THE PROBLEM: Exclude all pictures, then write out exactly the lines below from the first one through the line with "Jaket Shp Food".
SOURCE INFORMATION section start
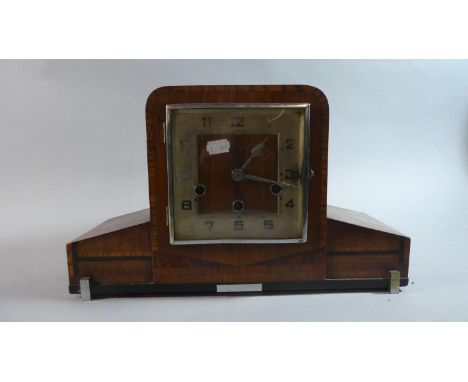 An Art Deco Inlaid Westminster Chime Mantle Clock with Chromed Mounts, 38.5cm Wide 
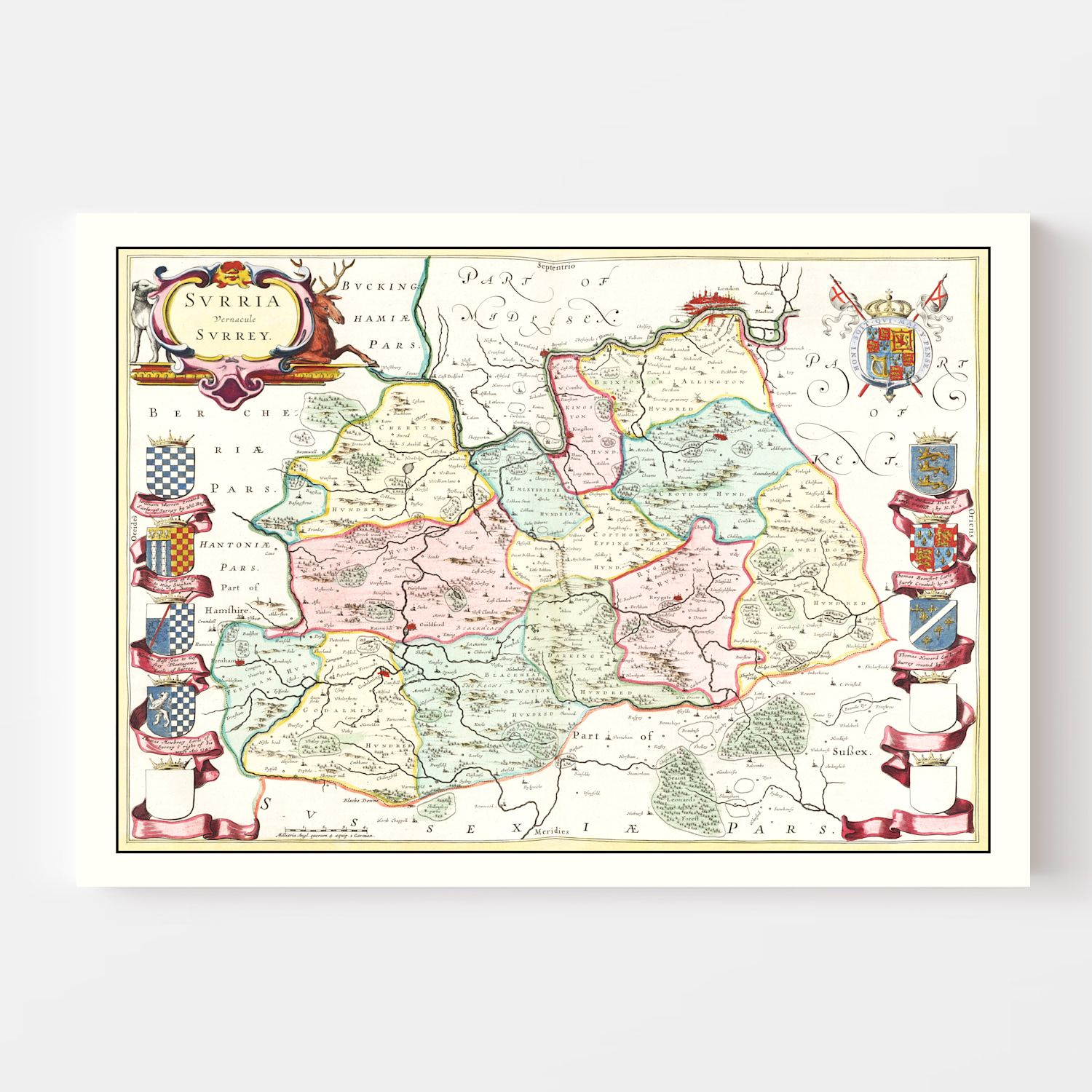 Vintage Map of Surrey 1665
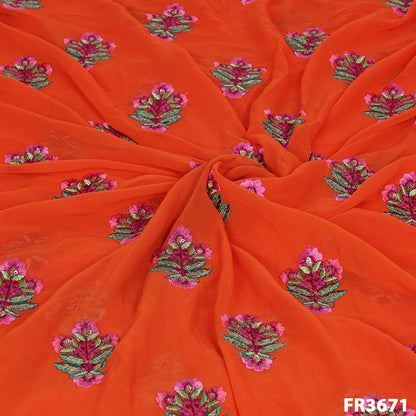 Embroidered Georgette Fabric-FR3671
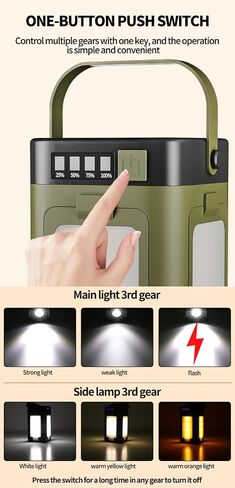 Solar Camping Light, Portable Rechargeable LED Lantern with 6 Lighting Modes – IPX4 Waterproof Solar-Powered Outdoor Light for Hiking Gear, Camping & Daily Use (Green) in Saudi Arabia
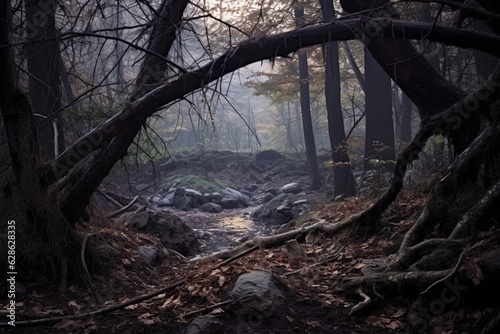 an image of a dark forest with trees and rocks © AberrantRealities
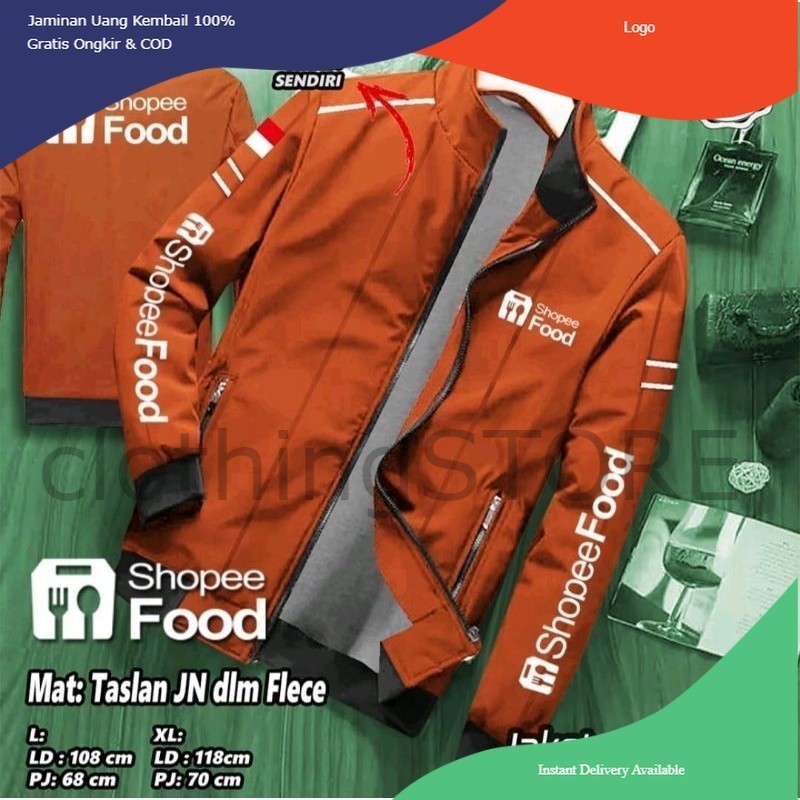 Jaket Shp Food driver - Jaket Driver custom sablon satuan free nama - Jaket Bolak Balik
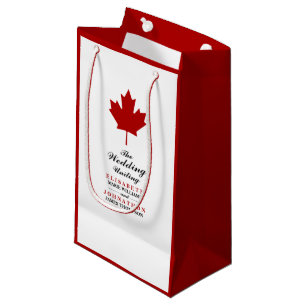 Sacola Para Presentes Pequena Casamento com Bandeira Canadense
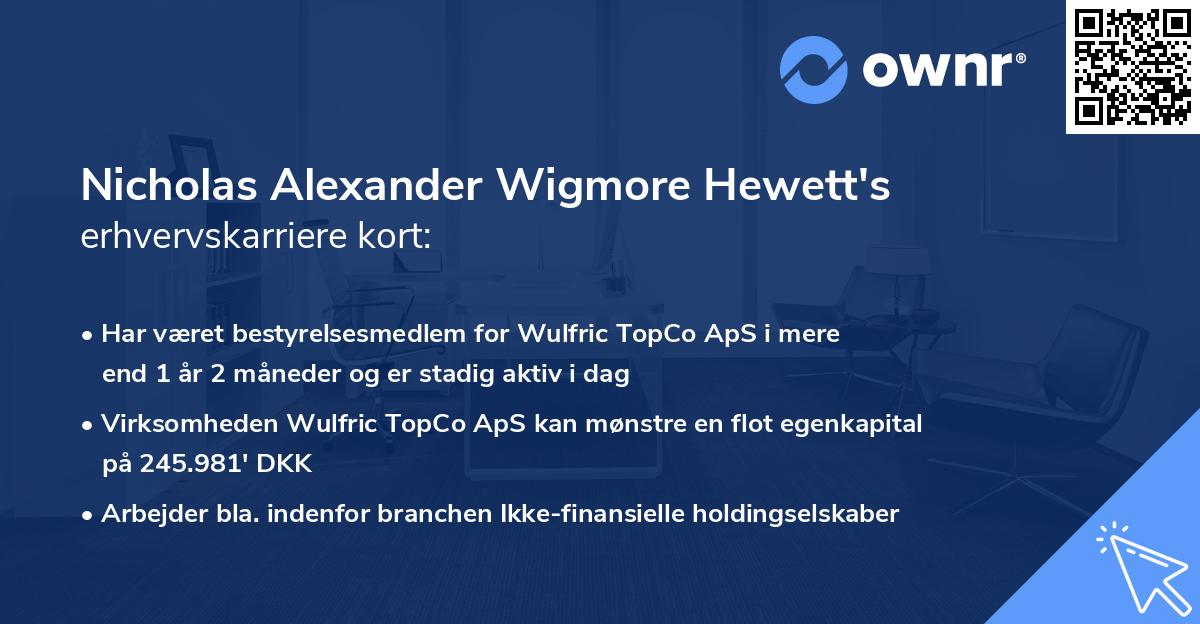Nicholas Alexander Wigmore Hewett's erhvervskarriere kort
SOURCE INFORMATION section end
ANSWER SECTION:
 An Art Deco Inlaid Westminster Chime Mantle Clock with Chromed Mounts, 38.5cm Wide 
 Vintage Map of Surrey 1665
 Embroidered Georgette Fabric-FR3671
 Solar Camping Light, Portable Rechargeable LED Lantern with 6 Lighting Modes – IPX4 Waterproof Solar-Powered Outdoor Light for Hiking Gear, Camping & Daily Use (Green) in Saudi Arabia
 an image of a dark forest with trees and rocks © AberrantRealities
 Jaket Shp Food driver - Jaket Driver custom sablon satuan free nama - Jaket Bolak Balik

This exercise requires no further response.